### What you have to do
The range runs from the line containing "Modelo de habitación" to the last line of the entries. Restate those lines word for word, without the pictures.

### Data provided
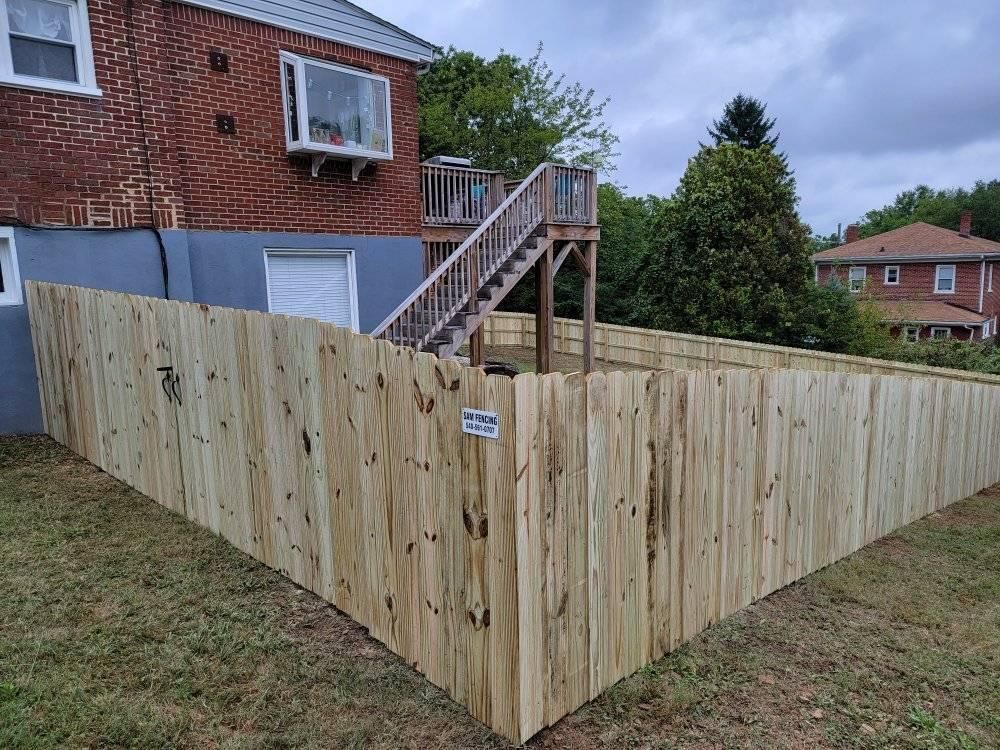 Wooden fence surrounding a backyard with a deck and brick house.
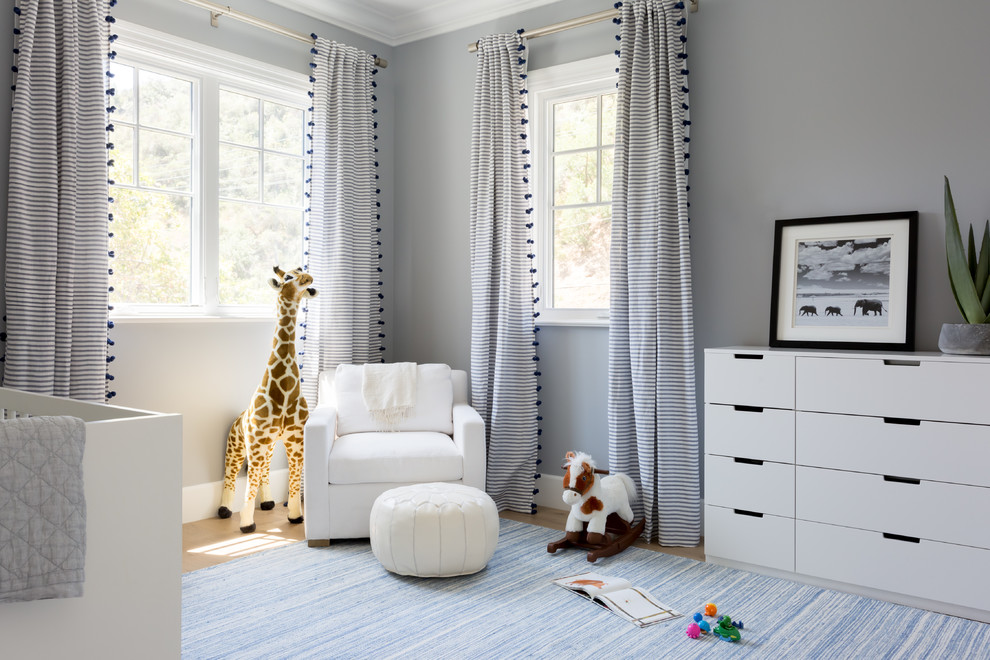 Modelo de habitación de bebé neutra costera de tamaño medio con paredes grises y suelo de madera clara
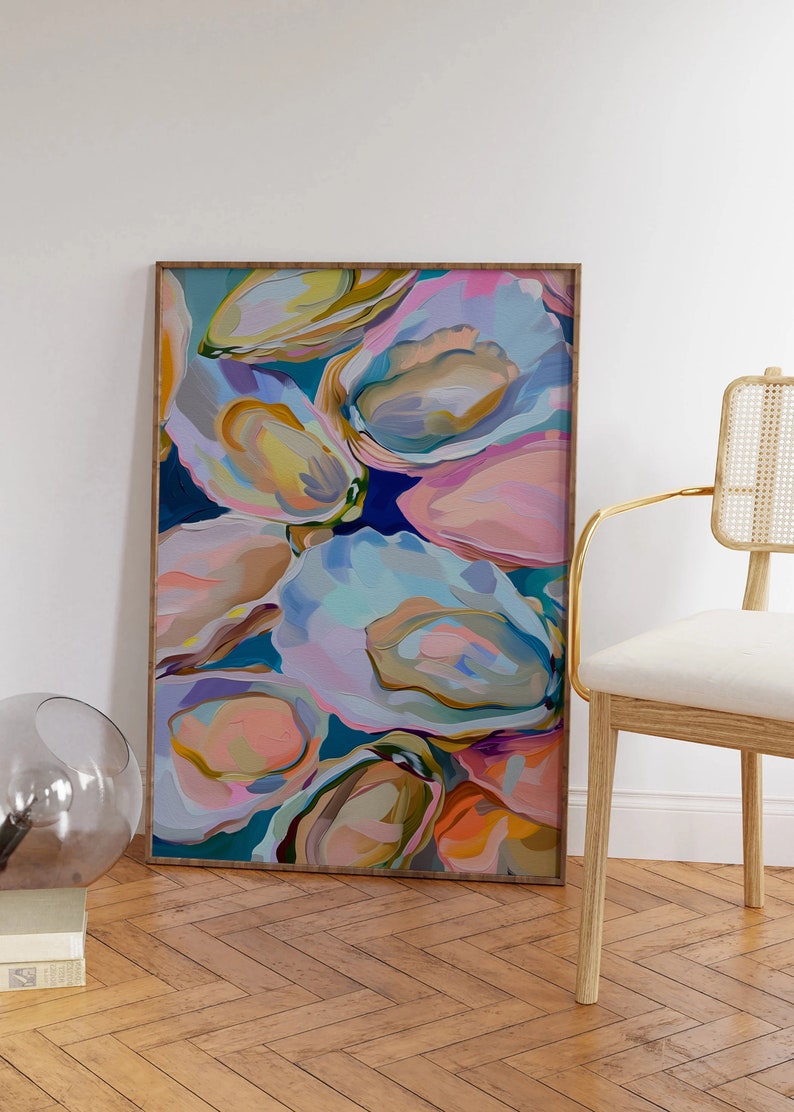 May include: Abstract painting of colorful oyster shells in shades of pink, blue, green, and yellow. The painting is framed in a natural wood frame.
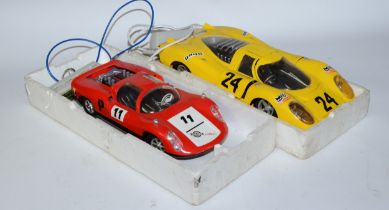 Two 1960s toy model racing cars comprising Porsche Carrera and Porsche 917, of plastic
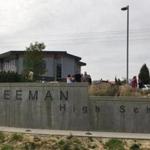 People gather outside of Freeman High School after reports of a shooting at the school in Rockford, Wash., Wednesday, Sept. 13, 2017. (KHQ via AP)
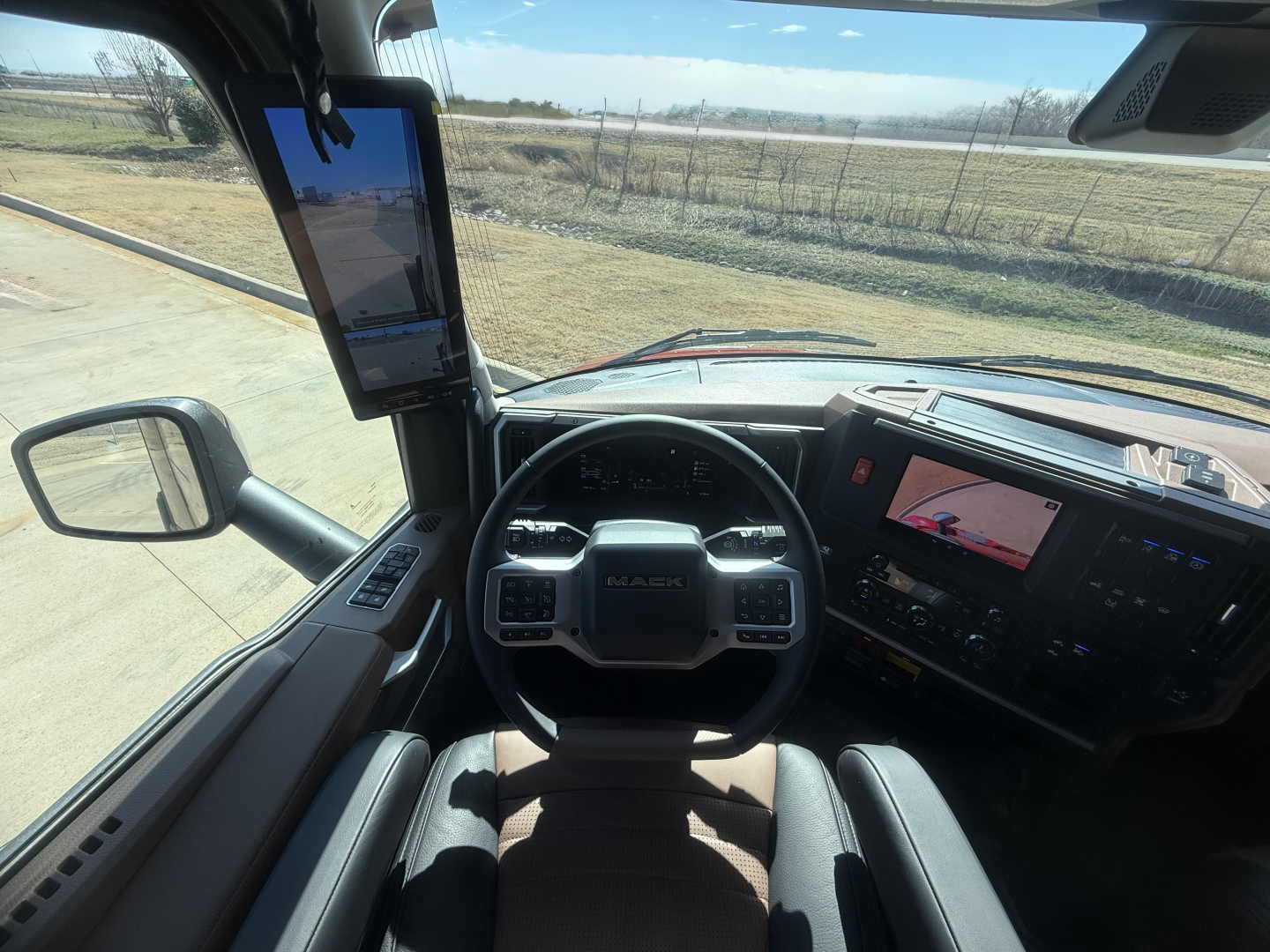 Truck cockpit view of a 2026 Mack PR64T76H with steering wheel, dashboard, and large side mirror. The driver area shows a tablet mounted on the A-pillar and a center touchscreen display.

### Your response
 Modelo de habitación de bebé neutra costera de tamaño medio con paredes grises y suelo de madera clara
 May include: Abstract painting of colorful oyster shells in shades of pink, blue, green, and yellow. The painting is framed in a natural wood frame.
 Two 1960s toy model racing cars comprising Porsche Carrera and Porsche 917, of plastic
 People gather outside of Freeman High School after reports of a shooting at the school in Rockford, Wash., Wednesday, Sept. 13, 2017. (KHQ via AP)
 Truck cockpit view of a 2026 Mack PR64T76H with steering wheel, dashboard, and large side mirror. The driver area shows a tablet mounted on the A-pillar and a center touchscreen display.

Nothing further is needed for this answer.